Segment Start: Data for this task

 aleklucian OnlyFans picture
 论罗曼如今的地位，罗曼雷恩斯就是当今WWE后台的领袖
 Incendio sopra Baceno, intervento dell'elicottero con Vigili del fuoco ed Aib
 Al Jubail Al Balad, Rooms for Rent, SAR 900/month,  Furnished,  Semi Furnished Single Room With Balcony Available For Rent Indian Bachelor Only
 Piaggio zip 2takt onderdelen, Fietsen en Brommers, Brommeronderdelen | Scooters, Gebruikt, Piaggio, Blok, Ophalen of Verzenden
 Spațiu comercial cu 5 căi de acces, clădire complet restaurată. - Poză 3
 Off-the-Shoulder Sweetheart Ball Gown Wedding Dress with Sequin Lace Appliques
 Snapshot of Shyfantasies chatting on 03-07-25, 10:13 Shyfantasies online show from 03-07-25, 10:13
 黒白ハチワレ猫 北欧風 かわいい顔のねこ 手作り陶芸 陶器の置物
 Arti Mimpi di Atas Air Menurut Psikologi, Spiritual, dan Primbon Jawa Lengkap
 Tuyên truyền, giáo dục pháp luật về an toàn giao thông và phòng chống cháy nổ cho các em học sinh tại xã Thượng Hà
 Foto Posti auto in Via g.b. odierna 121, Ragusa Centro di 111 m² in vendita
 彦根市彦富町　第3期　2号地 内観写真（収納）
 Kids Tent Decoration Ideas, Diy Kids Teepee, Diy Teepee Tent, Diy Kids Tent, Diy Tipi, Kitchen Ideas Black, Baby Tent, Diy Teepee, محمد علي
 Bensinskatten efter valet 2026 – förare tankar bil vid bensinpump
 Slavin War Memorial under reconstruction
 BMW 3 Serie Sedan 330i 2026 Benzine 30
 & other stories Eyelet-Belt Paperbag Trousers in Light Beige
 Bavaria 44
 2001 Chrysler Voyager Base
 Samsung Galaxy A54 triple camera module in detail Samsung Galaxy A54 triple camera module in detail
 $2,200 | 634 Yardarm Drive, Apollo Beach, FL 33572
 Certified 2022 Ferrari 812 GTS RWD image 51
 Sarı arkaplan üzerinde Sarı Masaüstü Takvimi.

Segment End: Data for this task

The task
Your answer must be the lines above from the one containing "Piaggio zip 2takt" to the one containing "2001 Chrysler Voyager Base", both included, restated word for word.

Task response
 Piaggio zip 2takt onderdelen, Fietsen en Brommers, Brommeronderdelen | Scooters, Gebruikt, Piaggio, Blok, Ophalen of Verzenden
 Spațiu comercial cu 5 căi de acces, clădire complet restaurată. - Poză 3
 Off-the-Shoulder Sweetheart Ball Gown Wedding Dress with Sequin Lace Appliques
 Snapshot of Shyfantasies chatting on 03-07-25, 10:13 Shyfantasies online show from 03-07-25, 10:13
 黒白ハチワレ猫 北欧風 かわいい顔のねこ 手作り陶芸 陶器の置物
 Arti Mimpi di Atas Air Menurut Psikologi, Spiritual, dan Primbon Jawa Lengkap
 Tuyên truyền, giáo dục pháp luật về an toàn giao thông và phòng chống cháy nổ cho các em học sinh tại xã Thượng Hà
 Foto Posti auto in Via g.b. odierna 121, Ragusa Centro di 111 m² in vendita
 彦根市彦富町　第3期　2号地 内観写真（収納）
 Kids Tent Decoration Ideas, Diy Kids Teepee, Diy Teepee Tent, Diy Kids Tent, Diy Tipi, Kitchen Ideas Black, Baby Tent, Diy Teepee, محمد علي
 Bensinskatten efter valet 2026 – förare tankar bil vid bensinpump
 Slavin War Memorial under reconstruction
 BMW 3 Serie Sedan 330i 2026 Benzine 30
 & other stories Eyelet-Belt Paperbag Trousers in Light Beige
 Bavaria 44
 2001 Chrysler Voyager Base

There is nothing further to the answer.